Yes game prices are high. They are expensive for us. But the companies put in a lot of money and effort in these games. BUt its the we indians that suffer because we have no money to but expensive games. Its our problem not theirs. But in the other hand i can't spend 3k to buy a game. Instead i just upgrade my computer instead. I am happy to use pirates even though i know that its a big crime and feel bad about it. But i can't spend so much money on games. My dad will kill me for burning money like that.


----------



## Tech_Wiz (Nov 5, 2007)

y higher prices are prime reason for piracy... Specially if game is based on Capeign and not much with online thing then Piracy ftw


----------



## axxo (Nov 5, 2007)

i can get any latest game for Rs.30 Per DVD here....now imagine how many such games can be brought for Rs.1000 that has to be spend in buying a single piece of original game


----------



## faraaz (Nov 5, 2007)

@axxo: Now imagine how dumb you would feel PAYING anything at all for something illegal when you could download for free! Of course, Rs. 30 per DVD is an extreme case...it costs arnd 60-80 rupees here in Bangalore...but still!

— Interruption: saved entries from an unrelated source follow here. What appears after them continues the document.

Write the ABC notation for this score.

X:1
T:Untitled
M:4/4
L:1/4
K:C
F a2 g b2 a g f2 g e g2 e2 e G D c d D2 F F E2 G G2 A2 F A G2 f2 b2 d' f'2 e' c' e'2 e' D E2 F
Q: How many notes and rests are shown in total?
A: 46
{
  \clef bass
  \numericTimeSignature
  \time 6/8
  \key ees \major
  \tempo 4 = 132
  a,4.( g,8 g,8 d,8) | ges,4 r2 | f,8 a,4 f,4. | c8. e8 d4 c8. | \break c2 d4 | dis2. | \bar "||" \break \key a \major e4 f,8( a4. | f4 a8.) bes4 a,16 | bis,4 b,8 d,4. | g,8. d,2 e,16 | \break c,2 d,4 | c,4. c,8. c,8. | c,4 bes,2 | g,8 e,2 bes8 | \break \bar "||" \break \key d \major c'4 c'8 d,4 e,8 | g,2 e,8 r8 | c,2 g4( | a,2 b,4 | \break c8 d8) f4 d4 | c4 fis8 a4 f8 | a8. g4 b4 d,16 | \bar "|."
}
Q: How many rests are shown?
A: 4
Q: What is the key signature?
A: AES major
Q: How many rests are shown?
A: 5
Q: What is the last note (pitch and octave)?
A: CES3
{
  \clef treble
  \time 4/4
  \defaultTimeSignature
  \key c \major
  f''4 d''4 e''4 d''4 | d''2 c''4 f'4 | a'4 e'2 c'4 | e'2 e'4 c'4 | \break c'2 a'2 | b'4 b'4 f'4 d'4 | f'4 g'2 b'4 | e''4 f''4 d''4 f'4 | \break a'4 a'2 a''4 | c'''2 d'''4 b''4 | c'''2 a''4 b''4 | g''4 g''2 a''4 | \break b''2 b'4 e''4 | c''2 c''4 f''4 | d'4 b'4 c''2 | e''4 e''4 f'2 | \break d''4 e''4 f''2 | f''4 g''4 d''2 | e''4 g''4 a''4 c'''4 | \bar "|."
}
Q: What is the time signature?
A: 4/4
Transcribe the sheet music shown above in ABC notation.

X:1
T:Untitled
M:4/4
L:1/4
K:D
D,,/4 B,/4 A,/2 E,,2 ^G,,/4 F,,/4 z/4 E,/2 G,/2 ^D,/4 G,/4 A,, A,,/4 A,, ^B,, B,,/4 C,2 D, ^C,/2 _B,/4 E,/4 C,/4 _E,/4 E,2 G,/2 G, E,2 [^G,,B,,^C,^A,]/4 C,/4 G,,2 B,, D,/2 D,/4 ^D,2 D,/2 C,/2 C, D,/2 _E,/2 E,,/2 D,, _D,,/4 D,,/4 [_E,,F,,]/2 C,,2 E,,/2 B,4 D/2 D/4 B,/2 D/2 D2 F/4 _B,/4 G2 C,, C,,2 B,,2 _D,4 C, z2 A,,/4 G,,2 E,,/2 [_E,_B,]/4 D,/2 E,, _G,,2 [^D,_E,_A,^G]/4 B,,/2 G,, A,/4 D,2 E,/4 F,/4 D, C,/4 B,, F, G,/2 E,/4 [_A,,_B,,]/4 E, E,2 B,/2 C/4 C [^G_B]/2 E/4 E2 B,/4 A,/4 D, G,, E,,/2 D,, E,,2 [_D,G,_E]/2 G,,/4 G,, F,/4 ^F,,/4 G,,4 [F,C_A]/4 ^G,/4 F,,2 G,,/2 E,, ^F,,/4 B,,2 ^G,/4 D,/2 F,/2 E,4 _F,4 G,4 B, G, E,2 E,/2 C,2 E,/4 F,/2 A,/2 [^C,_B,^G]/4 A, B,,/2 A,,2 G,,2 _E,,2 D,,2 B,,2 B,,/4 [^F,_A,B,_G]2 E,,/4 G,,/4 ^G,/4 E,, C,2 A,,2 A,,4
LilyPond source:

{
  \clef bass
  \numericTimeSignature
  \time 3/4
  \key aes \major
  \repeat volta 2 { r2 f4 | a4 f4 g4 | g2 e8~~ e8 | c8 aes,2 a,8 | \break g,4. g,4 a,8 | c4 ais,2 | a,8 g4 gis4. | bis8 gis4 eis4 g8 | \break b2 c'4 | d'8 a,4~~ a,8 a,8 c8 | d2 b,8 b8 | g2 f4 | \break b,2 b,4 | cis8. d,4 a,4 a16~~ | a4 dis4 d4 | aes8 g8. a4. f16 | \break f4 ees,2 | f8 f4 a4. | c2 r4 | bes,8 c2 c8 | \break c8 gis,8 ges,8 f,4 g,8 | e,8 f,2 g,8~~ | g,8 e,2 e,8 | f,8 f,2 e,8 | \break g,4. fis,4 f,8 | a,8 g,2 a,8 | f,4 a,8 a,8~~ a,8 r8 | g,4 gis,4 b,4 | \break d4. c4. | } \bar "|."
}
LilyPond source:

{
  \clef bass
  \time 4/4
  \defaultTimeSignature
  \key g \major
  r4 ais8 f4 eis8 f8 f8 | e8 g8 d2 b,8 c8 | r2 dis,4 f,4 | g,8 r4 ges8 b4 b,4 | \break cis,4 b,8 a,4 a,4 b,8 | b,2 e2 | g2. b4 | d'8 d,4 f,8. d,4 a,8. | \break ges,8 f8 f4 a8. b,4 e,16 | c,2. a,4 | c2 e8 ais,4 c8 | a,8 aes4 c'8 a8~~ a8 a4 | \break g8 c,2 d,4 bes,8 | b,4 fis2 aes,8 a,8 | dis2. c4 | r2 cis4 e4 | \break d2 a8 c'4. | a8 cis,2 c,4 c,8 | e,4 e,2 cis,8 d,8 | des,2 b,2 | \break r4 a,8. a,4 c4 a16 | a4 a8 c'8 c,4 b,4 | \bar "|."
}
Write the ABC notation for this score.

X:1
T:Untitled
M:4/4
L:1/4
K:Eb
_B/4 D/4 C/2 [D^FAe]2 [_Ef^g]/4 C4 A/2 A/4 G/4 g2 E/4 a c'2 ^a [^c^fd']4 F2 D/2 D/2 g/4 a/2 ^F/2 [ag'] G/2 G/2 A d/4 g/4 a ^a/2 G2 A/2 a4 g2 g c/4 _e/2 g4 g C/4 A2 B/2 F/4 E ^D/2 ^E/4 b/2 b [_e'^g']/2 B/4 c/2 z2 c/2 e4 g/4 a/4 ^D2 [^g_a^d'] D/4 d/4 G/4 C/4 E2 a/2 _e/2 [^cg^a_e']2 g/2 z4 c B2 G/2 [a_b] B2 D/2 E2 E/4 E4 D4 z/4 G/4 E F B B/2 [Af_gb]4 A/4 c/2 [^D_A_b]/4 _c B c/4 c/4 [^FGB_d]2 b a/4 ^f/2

If at all I'm just getting a pirated game, I never buy it from a pirated disk dealer...just download torrents...


----------



## Tech_Wiz (Nov 5, 2007)

Guess I need a trip to Amachi Mumbai for da latest games


----------



## Shloeb (Nov 5, 2007)

By the way we don't need original games to play online games. Because the broadband is also very slow here in india. The one thats fast costs a bomb. So we are good to buy pirated games. This saves a lot of money and the original games have no advantage. The seller from whom i buy games even gives a guarantee that the game will work provided ur system meets the requirements.  That says it all.


----------



## krazzy (Nov 5, 2007)

PS2 pirated games were very cheap here. Rs. 25 for old games and around 50-100 for latest games. But now pirated games for ps2 aren't available anymore. The originals cost 1k+. Thats why i stopped buying them. Now everyone is forced to buy original. But i guess the original prices are coming down. If they fall a bit more i can start buying then again.


----------



## shrapnel (Nov 5, 2007)

Buy gamez TORRENTZ RULEZ
I'd be crazy to buy original games after the amount of money I spend on PC Hardware.
I just invest in a High-Speed Unlimited 'Net connection and d/l all the gamez I'm interested in
Well, I MAY buy games I like very much, but just a chosen few like Crysis and Timeshift.


----------



## gaurav_indian (Nov 5, 2007)

*cough* *cough* shrapnel is here again


----------



## Count Dracula (Nov 5, 2007)

Lol people in my place at Goregaon,Mumbai are too mad.They spend like upto 5 K MORE on consoles.Affording a game also depends on the place you live like most of those millionares in India reside in Mumbai ( Just an example).For some It might be expensive and not for some.Games are sold keeping the whole world in mind and not some particular Region or country.And even that going,Its cheaper than US and other advanced nations.


----------



## krates (Nov 5, 2007)

well meri taraf log 40 ki dete hai unse kaho 20 ki don to 30 pe baat aa jati hai bas yeh ton bahut saste hai


----------



## Tech_Wiz (Nov 6, 2007)

Where in Mumbai do you get the games? plz PM haha 

My friend is going to mumbai next week so i can place an "order"


----------



## Zeeshan Quireshi (Nov 6, 2007)

well i Buy Original Xbox 360 games when their prices come down to Rs 999 or i exchange games with frnds who have other games(original ofcourse) .


----------



## DiCsA (Nov 6, 2007)

Ya know the piracy is not only a problem in India. In paris it's totally impossible to find non-original games but you can download it. If you have a good connection you can download at 12Mb/sec so you will have your 4Gb game in one hour. Plus it's the same in upload so you can send it to a friend very quickly.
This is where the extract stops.